In the implant component, the decision to establish stable peri-implant contours prior to final impressions is consistent with evidence indicating that immediate implant protocols benefit esthetic outcomes when soft-tissue outline is optimized through appropriate provisionalization [8]. Accurate transfer of the developed transmucosal profile was then prioritized using a customized open-tray approach, consistent with techniques advocating custom impression copings to preserve shaped peri-implant gingival architecture [9].
Material selection further contributed to esthetic integration. Randomized clinical evidence has shown comparable clinical behavior of customized zirconia and titanium abutments supporting single implant crowns in posterior/canine regions at midterm follow-up, supporting zirconia as a viable abutment material when esthetic demands are high [10]. Longer-term follow-up from the same trial has also demonstrated favorable outcomes over five years for zirconia and titanium abutments, reinforcing their clinical reliability when appropriately planned and maintained [11].

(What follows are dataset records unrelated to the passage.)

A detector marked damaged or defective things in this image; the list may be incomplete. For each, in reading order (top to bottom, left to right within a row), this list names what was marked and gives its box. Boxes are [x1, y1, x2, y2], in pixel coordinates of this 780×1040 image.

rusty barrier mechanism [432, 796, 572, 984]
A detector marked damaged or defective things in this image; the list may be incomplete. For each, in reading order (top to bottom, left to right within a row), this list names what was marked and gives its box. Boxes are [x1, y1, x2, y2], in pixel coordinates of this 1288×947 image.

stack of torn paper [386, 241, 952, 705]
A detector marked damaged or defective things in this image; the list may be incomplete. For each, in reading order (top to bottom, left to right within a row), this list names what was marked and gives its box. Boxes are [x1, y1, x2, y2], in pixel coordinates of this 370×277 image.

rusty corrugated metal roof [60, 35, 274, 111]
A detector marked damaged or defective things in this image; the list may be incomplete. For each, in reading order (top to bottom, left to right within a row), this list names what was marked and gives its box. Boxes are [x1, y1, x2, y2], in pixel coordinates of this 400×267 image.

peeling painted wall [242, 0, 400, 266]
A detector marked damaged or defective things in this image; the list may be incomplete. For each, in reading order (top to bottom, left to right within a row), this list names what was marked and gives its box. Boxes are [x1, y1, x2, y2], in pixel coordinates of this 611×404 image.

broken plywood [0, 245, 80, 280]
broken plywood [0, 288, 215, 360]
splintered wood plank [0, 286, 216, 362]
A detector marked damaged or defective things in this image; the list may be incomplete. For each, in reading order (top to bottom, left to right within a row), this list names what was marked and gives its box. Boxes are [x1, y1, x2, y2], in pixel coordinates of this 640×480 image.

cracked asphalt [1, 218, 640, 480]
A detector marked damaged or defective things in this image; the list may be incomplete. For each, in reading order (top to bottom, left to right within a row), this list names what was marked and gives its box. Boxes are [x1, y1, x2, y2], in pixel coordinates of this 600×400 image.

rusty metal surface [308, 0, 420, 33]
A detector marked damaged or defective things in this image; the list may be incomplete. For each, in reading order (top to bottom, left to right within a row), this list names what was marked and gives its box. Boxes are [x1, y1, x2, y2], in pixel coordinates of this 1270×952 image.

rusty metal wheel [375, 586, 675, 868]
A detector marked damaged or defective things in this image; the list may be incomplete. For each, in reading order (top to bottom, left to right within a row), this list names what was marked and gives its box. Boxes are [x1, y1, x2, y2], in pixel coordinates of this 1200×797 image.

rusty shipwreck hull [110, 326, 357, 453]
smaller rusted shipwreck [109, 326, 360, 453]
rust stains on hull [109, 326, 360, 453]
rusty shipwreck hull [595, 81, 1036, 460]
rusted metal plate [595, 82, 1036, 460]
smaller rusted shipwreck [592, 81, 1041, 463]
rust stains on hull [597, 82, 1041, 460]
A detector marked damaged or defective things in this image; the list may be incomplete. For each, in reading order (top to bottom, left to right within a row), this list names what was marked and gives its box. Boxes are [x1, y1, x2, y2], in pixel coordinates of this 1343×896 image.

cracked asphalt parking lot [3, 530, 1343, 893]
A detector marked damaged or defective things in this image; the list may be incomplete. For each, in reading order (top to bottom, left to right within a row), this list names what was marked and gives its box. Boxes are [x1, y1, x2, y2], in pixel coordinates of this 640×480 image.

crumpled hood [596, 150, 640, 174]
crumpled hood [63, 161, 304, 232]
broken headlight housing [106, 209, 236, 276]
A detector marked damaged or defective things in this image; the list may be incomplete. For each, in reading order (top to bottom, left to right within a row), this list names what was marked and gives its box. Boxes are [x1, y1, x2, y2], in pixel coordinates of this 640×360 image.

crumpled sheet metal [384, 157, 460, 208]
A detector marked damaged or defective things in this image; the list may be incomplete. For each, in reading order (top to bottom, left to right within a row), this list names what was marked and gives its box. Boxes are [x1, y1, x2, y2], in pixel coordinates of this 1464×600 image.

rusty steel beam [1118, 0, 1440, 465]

For the tooth-supported component, systematic evidence confirms that laminate veneers demonstrate high survival, with fracture/chipping among the more frequent complications, emphasizing careful preparation and occlusal control. A diagnostic mock-up–driven preparation approach has been advocated to preserve enamel and improve bonding predictability in veneer therapy, which is consistent with the minimally invasive strategy used here. Finally, lithium disilicate CAD/CAM veneers have shown excellent short-term clinical performance in large retrospective clinical data, supporting their use where conservative, high-esthetic restorations are indicated.
CONCLUSION
The present case report demonstrates that a digitally guided, facially driven workflow can successfully harmonize implant-supported crowns with adjacent tooth-supported veneers in the maxillary anterior esthetic zone. Strategic peri-implant soft-tissue sculpting and accurate transfer of the developed emergence profile, combined with zirconia abutments and lithium disilicate veneers, enabled a natural and cohesive smile outcome. Overall, integrating digital planning with conservative adhesive and soft-tissue management principles can improve predictability and patient satisfaction in complex anterior rehabilitations.